The labyrinth began as you were pushed over the edge of mere interest into free fall, landing in a clump of morbid curiosity.  The meaning was clear:  You had to find where this would take you.  A character--Ben Coleman--had already assumed an interesting enough past that you began to feel a familiarity with him to the extent that you knew he had a promising future and a problem for which he has no hint of preparation.  At his current age, Ben has been through enough to own outright with no payments due a wariness that you see in many men of his age and position.

At the moment, Ben's wariness has just been sent off to storage; he has just been given a performance review in a job he took to get away from the politics of the academic life.  Not only is Ben given a bump in salary, he is given a promotion.

What would all this mean if Ben did not have his wife, Emily, to share it with?  Emily and Ben are each number two mates.  Thus you have a window facing on a portion of Ben's wariness, a window that will be flung wide open when Ben phones Emily to suggest they meet at a restaurant known for its splendid cuisine and ambiance.  Ben wants to celebrate.

The labyrinth exudes more mischief and tricky passageways when you stop to wrap history and event about the armature that is Emily.  Such is her nature that when Ben calls to suggest they meet at the restaurant, she becomes convinced that Ben is going to ask her for a divorce.

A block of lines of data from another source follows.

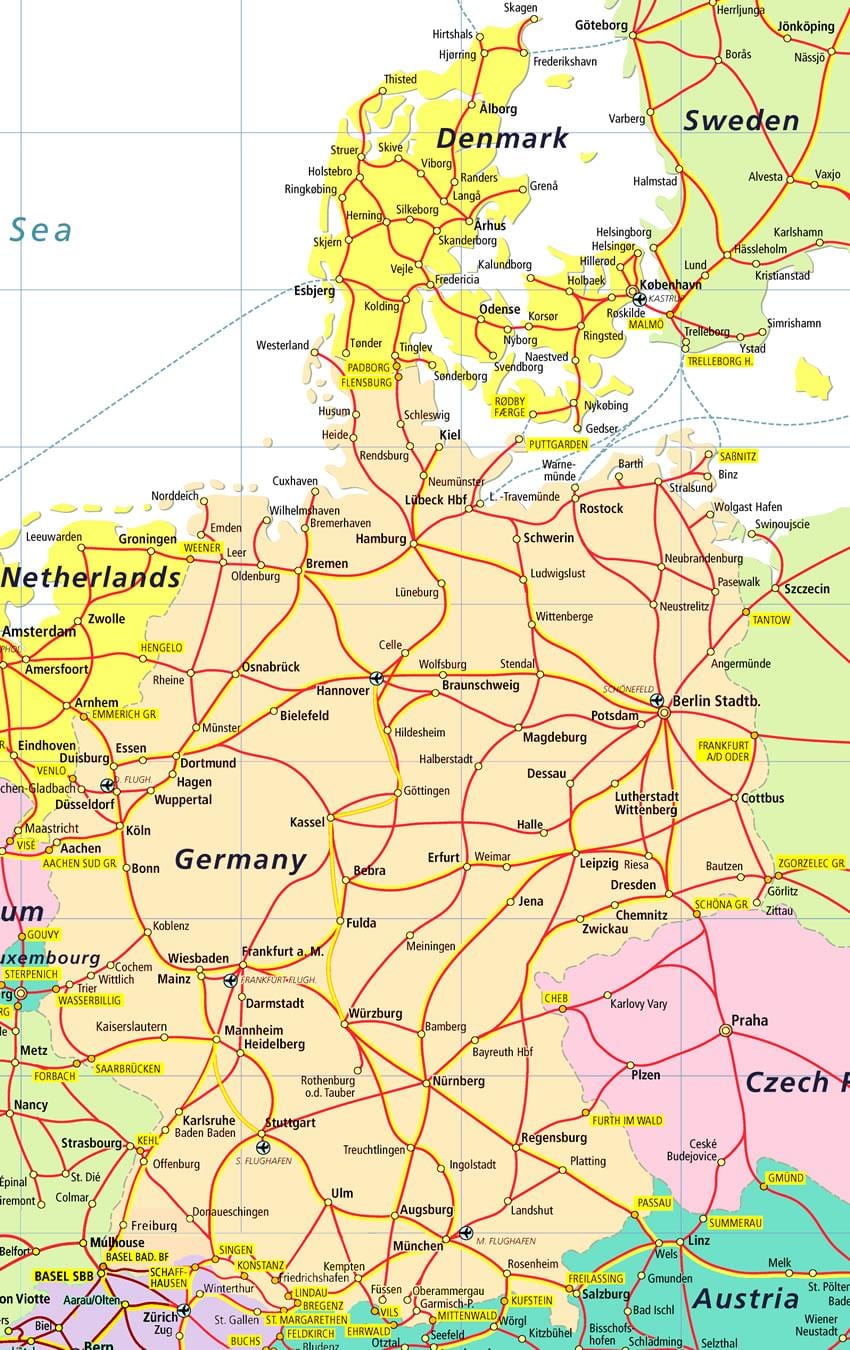 dinamarca atracções turísticas mapa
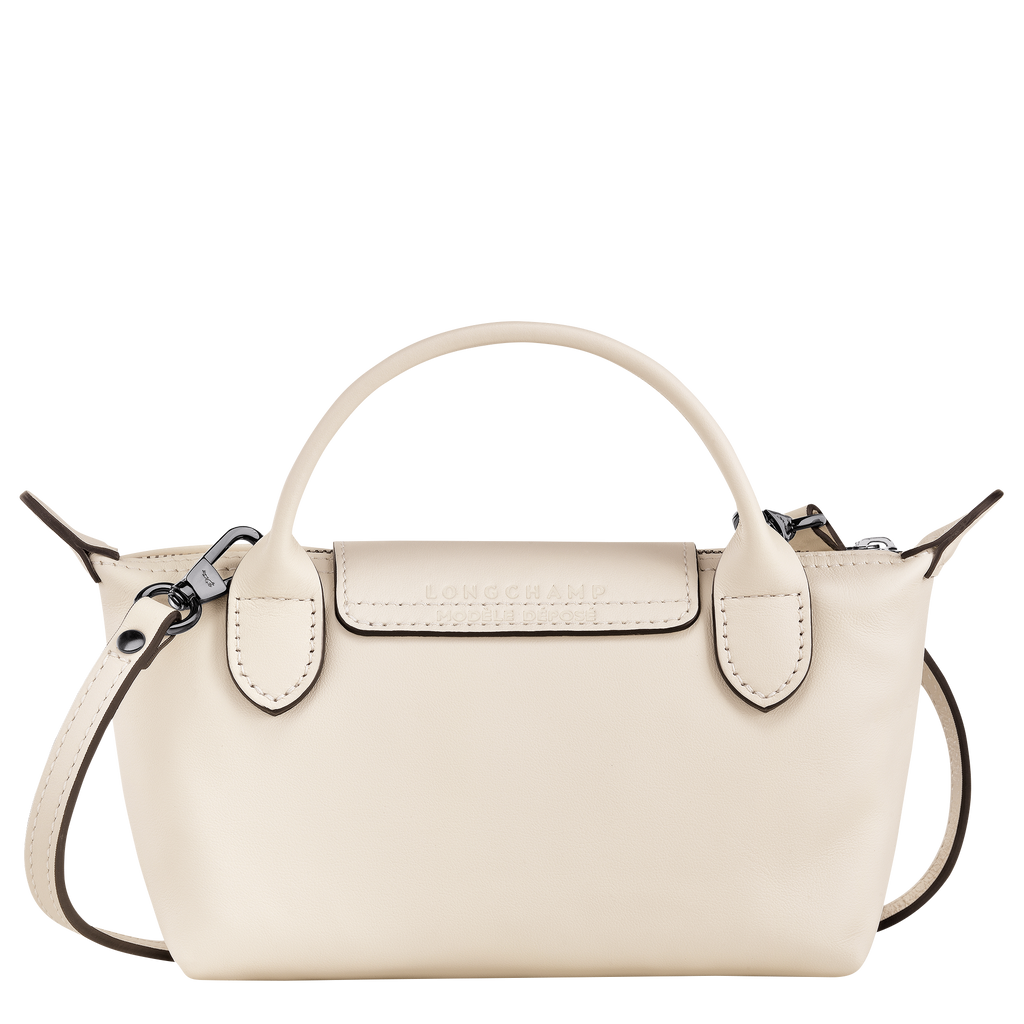 Le Pliage Xtra XS Mini Leather Handbag Ecru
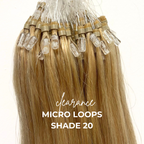 Clearance Shade 20 Micro Loops Hair Extensions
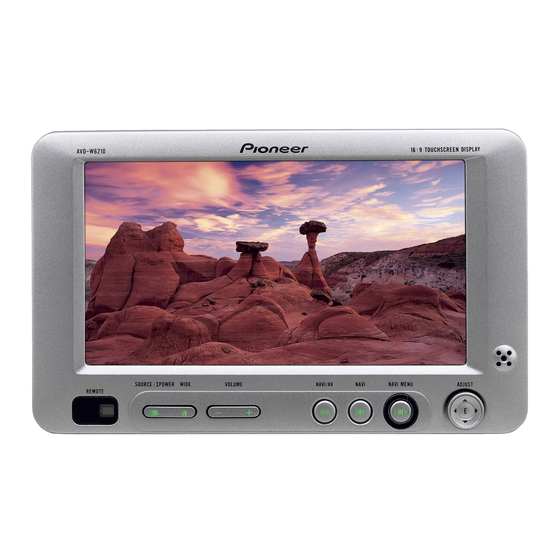 Pioneer AVD-W6210 Manual Del Propietário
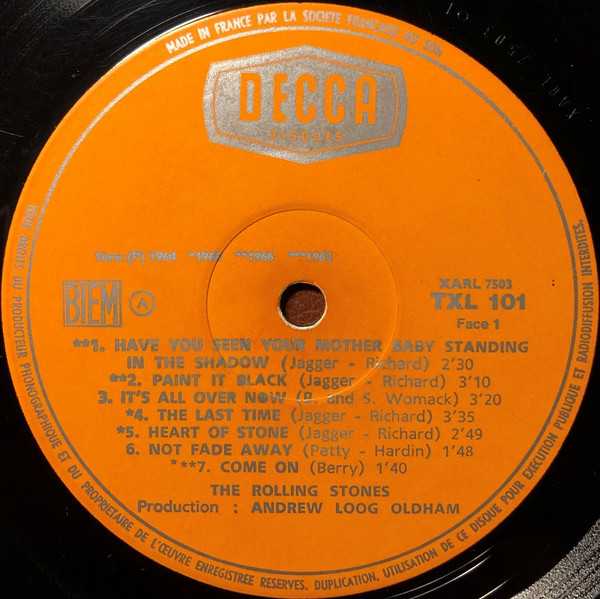 The Rolling Stones - Big Hits (High Tide And Green Grass) | Decca (TXL101) - 3 The Rolling Stones - Big Hits (High Tide And Green Grass) | Decca (TXL101) - 3
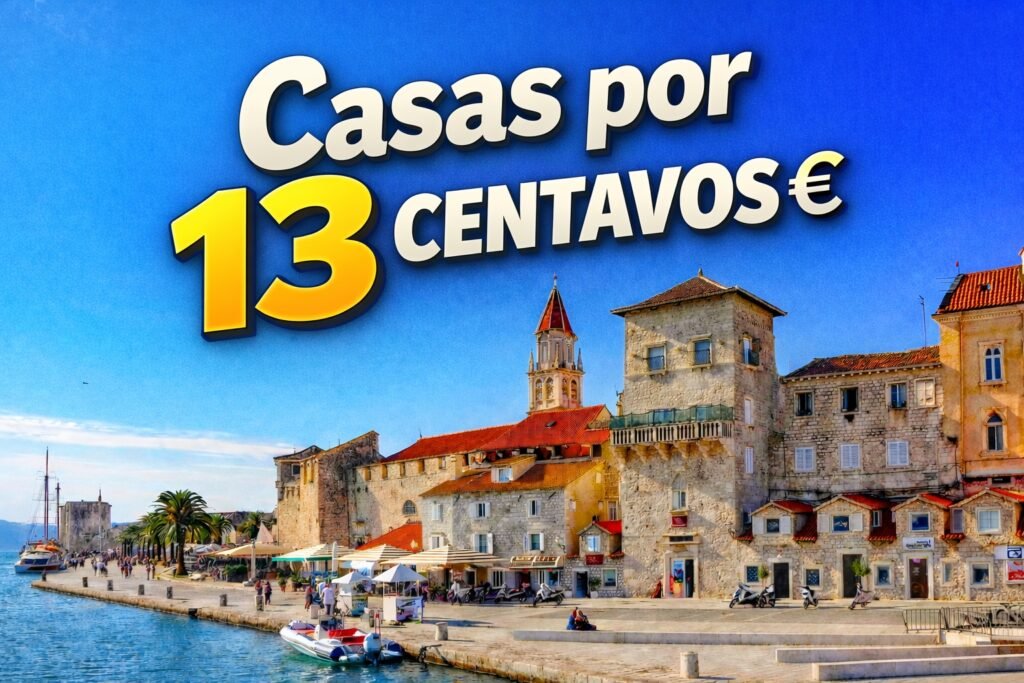 Cidade na Europa vende casas por 13 centavos de euro para atrair novos moradores e repovoar município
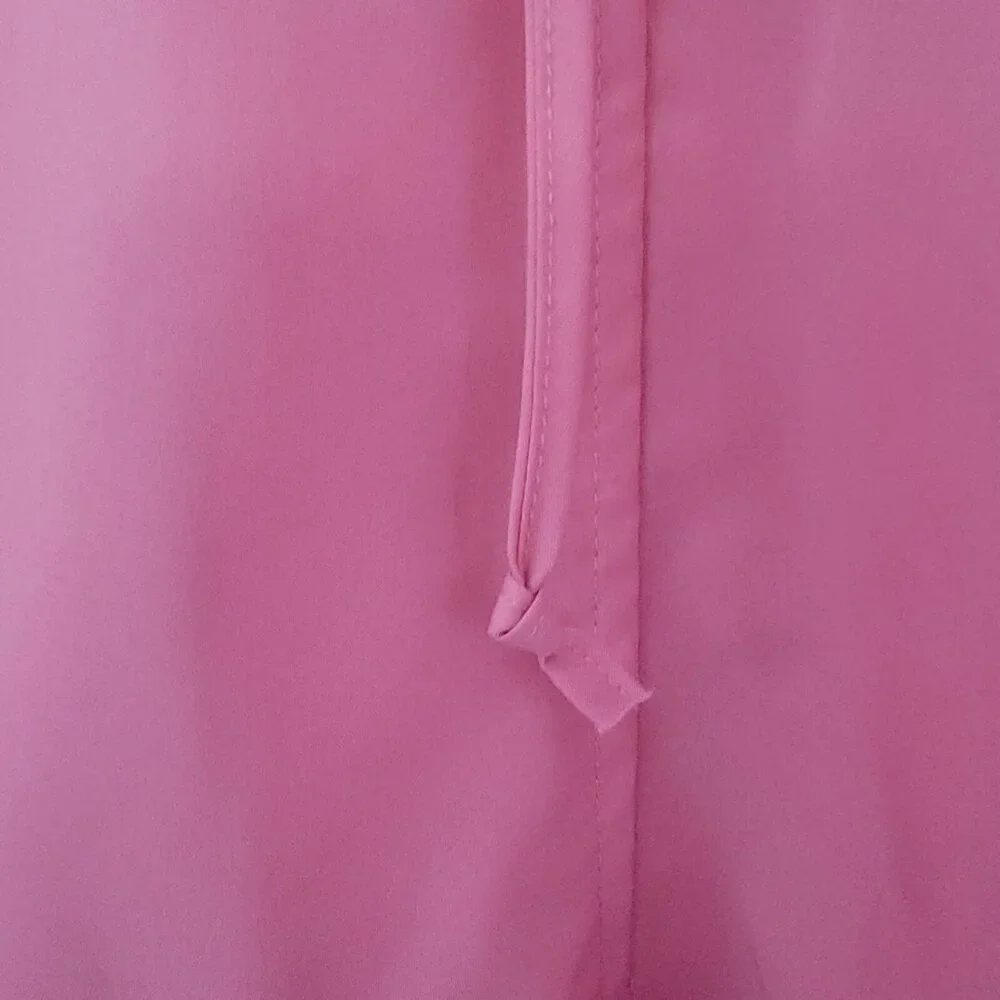 Line Up For Sport Golf Jacket Windbreaker Women Golfers‎ Pink Zip Front L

Knowing that as the platform for your story, you naturally wanted to dig a bit more into Emily and how she got to where she is, which meant you had to place her in terms of family and how she "learned" to become so vulnerable.  This meant inventing a plausible situation that began more or less when she was in her early-to-mid teens, and thus you came up with Uncle Charlie, her father's brother.
This is all going on while doing edits on a nonfiction book project before sending it to your agent and focusing on her notes for the opening chapters of a novel you have in the works.  This is also in addition to another story unrelated to Ben and Emily, and Uncle Charlie, written in detailed enough notes to capture the lightning and store it in a bottle.

All of this is prologue to the fact that you are now on page sixteen of a story you believe it appropriate to call "Uncle Charlie."  And thus the theme of labyrinth, with you seeking your way out of one of these corridors to keep focused on one thing at a time, a lesson difficult enough to comprehend when you were a teen or a twenty or even a thirty, but which now seems--well, hopeless.